Il prodotto ittico sequestrato, per la precisione “neonato di sarda” meglio conosciuto con il termine di “bianchetto” (localmente anche “mucco”), era custodito all’interno di alcuni contenitori in plastica, sprovvisti di un qualsiasi documento attestante la provenienza e pronto per essere commercializzato.
Il conduttore dell’automezzo, sig. A.R. – di anni 57 residente ad Acicatena (CT), è stato denunciato alla Procura della Repubblica di Siracusa per trasporto di prodotti ittici sottomisura e sono in corso apposite indagini di polizia finalizzate ad individuare ed identificare le unità da pesca che hanno effettuato la cattura del novellame sequestrato.

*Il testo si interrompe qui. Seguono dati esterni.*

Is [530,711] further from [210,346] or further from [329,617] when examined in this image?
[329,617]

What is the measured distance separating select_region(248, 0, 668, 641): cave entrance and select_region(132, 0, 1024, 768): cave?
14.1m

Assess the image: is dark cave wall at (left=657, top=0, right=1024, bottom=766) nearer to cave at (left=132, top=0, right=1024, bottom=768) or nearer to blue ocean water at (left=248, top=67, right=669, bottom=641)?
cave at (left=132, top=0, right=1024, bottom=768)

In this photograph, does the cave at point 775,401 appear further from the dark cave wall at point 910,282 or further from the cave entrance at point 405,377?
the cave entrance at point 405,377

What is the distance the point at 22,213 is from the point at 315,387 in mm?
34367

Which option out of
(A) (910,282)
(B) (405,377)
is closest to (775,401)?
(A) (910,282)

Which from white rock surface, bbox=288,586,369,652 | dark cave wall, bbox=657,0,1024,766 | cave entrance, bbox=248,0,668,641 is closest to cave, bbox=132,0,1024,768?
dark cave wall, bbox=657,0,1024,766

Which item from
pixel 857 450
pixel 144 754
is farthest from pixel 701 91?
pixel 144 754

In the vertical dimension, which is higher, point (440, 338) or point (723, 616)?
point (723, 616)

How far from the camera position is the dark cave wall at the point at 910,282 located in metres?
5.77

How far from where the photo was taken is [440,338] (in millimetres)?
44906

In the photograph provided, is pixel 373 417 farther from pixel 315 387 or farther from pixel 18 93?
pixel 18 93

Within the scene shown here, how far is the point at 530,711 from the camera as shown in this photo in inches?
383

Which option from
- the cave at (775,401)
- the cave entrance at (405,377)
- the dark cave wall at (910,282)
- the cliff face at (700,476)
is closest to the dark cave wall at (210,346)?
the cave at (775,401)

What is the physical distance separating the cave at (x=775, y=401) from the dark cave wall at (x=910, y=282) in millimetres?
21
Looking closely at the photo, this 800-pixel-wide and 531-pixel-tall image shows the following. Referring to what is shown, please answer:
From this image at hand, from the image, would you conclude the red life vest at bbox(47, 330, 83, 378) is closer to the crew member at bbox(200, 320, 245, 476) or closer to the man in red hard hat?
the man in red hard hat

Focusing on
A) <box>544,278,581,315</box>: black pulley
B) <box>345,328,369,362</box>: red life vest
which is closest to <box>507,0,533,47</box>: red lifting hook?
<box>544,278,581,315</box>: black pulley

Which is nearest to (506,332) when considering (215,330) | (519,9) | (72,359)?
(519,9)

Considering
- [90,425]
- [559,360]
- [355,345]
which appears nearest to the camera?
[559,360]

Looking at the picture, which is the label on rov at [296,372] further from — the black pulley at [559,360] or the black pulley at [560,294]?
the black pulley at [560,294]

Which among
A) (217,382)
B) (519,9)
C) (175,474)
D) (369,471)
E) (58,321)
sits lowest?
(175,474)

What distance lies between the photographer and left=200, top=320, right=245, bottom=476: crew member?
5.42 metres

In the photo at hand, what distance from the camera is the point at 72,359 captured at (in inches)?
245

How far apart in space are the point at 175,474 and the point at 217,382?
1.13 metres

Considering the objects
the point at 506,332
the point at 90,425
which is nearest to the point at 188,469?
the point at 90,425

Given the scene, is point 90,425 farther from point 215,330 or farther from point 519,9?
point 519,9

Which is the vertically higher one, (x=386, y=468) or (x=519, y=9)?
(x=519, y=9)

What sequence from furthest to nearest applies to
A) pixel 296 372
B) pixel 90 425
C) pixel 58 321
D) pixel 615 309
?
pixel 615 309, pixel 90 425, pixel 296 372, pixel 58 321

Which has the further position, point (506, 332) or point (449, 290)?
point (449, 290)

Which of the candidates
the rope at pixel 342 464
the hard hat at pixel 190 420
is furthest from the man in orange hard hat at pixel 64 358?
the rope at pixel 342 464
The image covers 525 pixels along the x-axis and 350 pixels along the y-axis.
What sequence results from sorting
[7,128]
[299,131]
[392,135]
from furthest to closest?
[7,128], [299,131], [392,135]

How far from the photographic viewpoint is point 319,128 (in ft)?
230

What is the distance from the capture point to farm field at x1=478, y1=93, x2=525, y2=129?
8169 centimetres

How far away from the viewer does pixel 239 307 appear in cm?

La stessa Autorità Giudiziaria ha autorizzato la donazione in beneficienza del bianchetto sequestrato a favore di associazioni di protezione sociale della provincia di Siracusa, a seguito del rilascio del nulla osta sanitario da parte dell’Ufficio Veterinario del comune di Augusta.

L’occasione è utile per rammentare che è rigorosamente vietata la pesca e la commercializzazione di prodotti ittici sottomisura ed, in particolar modo, di novellame.
La Capitaneria di Porto di Augusta mantiene alta l’attenzione su tale problematica, con l’obiettivo primario di contrastare la condotta illegale operata da alcuni soggetti che esercitando senza molti scrupoli tale tipologia vietata di pesca, stanno depauperando le già ridotte risorse ittiche del nostro ecosistema marino.